E infine perché mi sembra di capire che dopo una pausa di qualche decennio (Kertzner attribuisce a De Rosa la considerazione che “Civiltà cattolica” “mutò la sua linea solo nel 1965”) la rivista dei gesuiti abbia ripreso a lavorare sull’immagine degli ebrei, con la variante non secondaria di non occuparsi più della “razza” ebraica, ma dello “stato” ebraico – ma con contenuti non troppo diversi, e di nuovo facendo l’avanguardia della posizione vaticana. E’ noto infatti che “le bozze della rivista vengono riviste dalla Segreteria di Stato” e dunque manifestano la posizione ufficiosa della Santa Sede.
E’ infatti di qualche giorno fa un’anticipazione pubblicata dall’Ansa di un editoriale firmato da Padre Giovanni Sale in cui sostanzialmente si dice che la nascita dello stato di Israele è stato un crimine contro l’umanità. La conseguenza di questa valutazione è che, secondo il riassunto dell’Ansa, “il problema dei profughi palestinesi, nato nel ’48 da una vera e propria «pulizia etnica», «va trattato in sede internazionale», va affrontato «con realismo e risolto nell’interesse innanzitutto, delle parti lese», nella consapevolezza che «non esiste una proposta che accontenti tutti».” Chi ha orecchie per intendere…
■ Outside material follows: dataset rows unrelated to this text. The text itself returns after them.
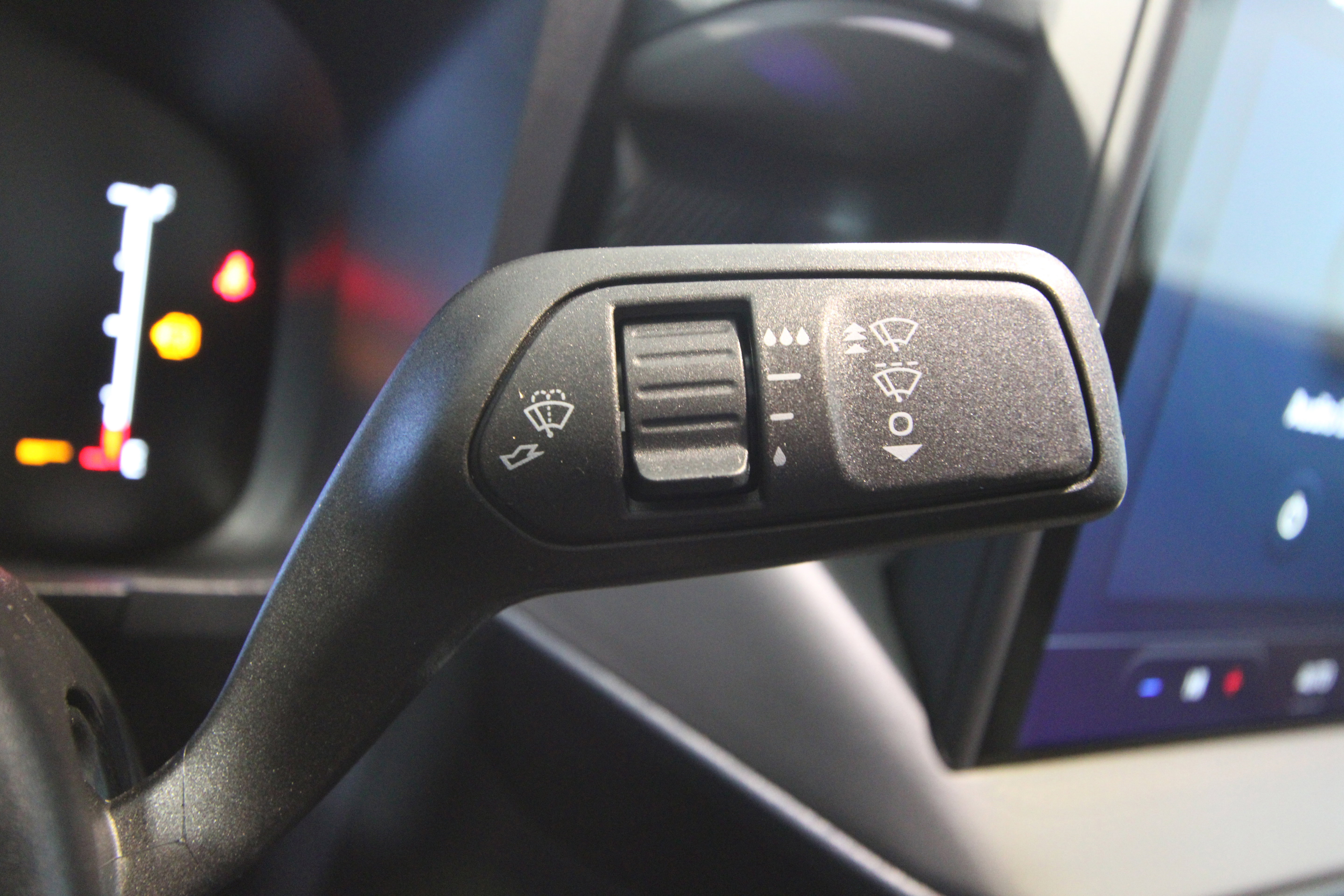 New 2025 Ford Maverick XL image 11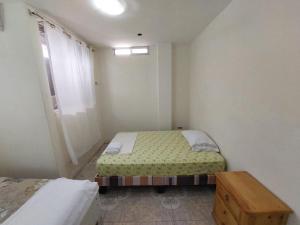 馬查拉的住宿－Departamentos de la Costa，一间小卧室,配有两张床和窗户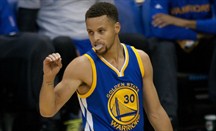 Stephen Curry bate el récord de triples en unas Finales de la NBA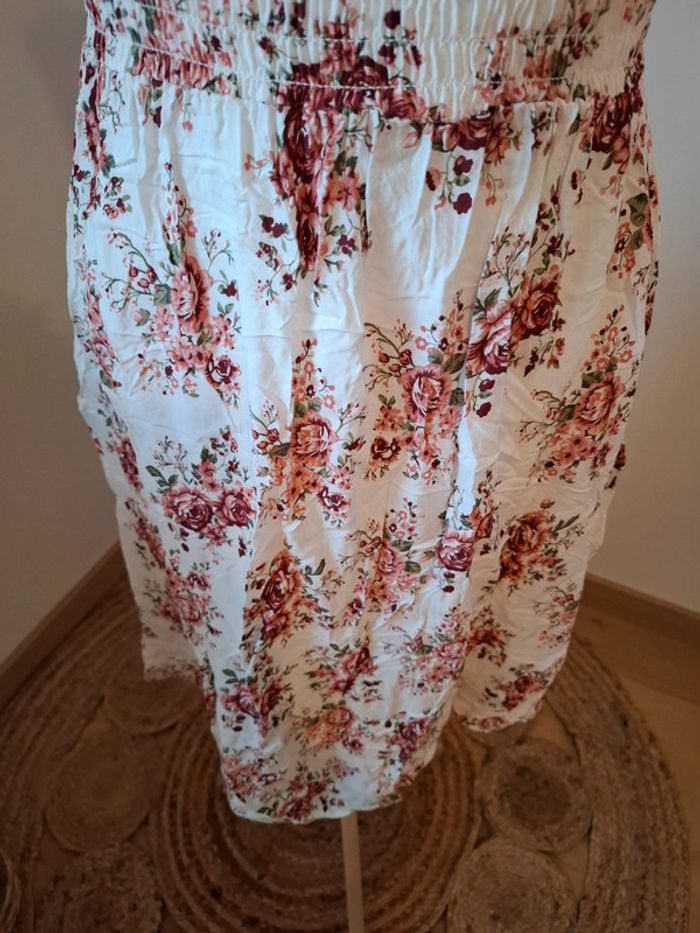 Robe blanche Fleurie extensible Colloseum taille S 36 - photo numéro 4
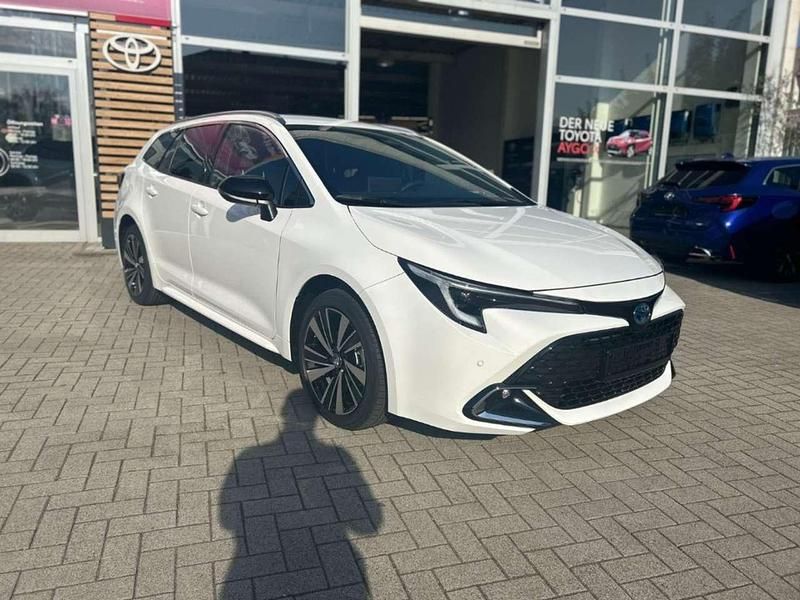 Weiss Neu 2025 Toyota Corolla Kombi | 29.850 € - Bild 1/4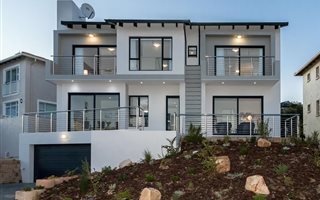 3 Bedroom House in Pinnacle Point Golf Estate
Questa lettura, profondamente delegittimante, fa il paio con i risultati del Sinodo dei vescovi mediorientali, tenutosi qualche mese fa (in cui, è bene ricordare, il redattore della risoluzione finale dichiarò nella conferenza stampa conclusiva che Israele non aveva più alcun diritto storico-religioso sulla “Palestina” perché la promessa divina dell'”Antico testamento” era stata abolita dal “Nuovo”, sicché l’elezione ebraica era senza fondamento; e nell’occasione fu anche presentato un documento interconfessionale che fra altre amenità definiva “un peccato contro Dio” la fondazione dello Stato di Israele, che per padre Sale è solamente un “crimine contro l’umanità”). E poi la partecipazione alla conferenza Durban 2 contro il parere della maggior parte degli stati occidentali, la bizzarra teoria più volte espressa che le persecuzioni dei cristiani nel mondo islamico derivano dall’esistenza dello stato di Israele (la “violenta irruzione del sionismo a Gerusalemme” per usare le parole di Vittorio Messori, scandalose perché più esplicite del felpato linguaggio della diplomazia vaticana, ma non sostanzialmente diverse). E cento altri episodi che si ripetono, l’ultimo dei quali è la partecipazione cattolica a un colloquio con i musulmani a Doha per discutere del destino di Gerusalemme, da cui naturalmente gli ebrei sono esclusi. Sono le prove di un “compromesso storico” fra mondo cattolico e islamismo, il cui prezzo sembra essere Israele.
Naturalmente è possibile avere tutte le opinioni diverse su temi concreti come i confini di Israele o la colpevolezza di Dreyfus. Ma si supera la linea che separa la critica politica dall’antisemitismo (e dunque dai passi preparatori delle “liste”) quando gli ebrei e il loro stato sono criticati in quanto tali, delegittimando la loro presenza, demonizzando le loro azioni e usando un doppio standard per valutare le loro azioni e quelle degli altri (così per esempio il Papa, che a elevato le sue proteste contro “l’occupazione” israeliana della Cisgiordania durante la sua visita a Cipro, tacendo dell’occupazione militare turca di metà del territorio dello stato cipriota. Sono le tre D proposte da Sharanski per testare l’antisemitismo contemporaneo. Spiace dover prendere atto che la politica vaticana e buona parte dell’opinione cattolica (non solo gli estremisti alla Pax Christi) oggi rientrano ampiamente in questi criteri.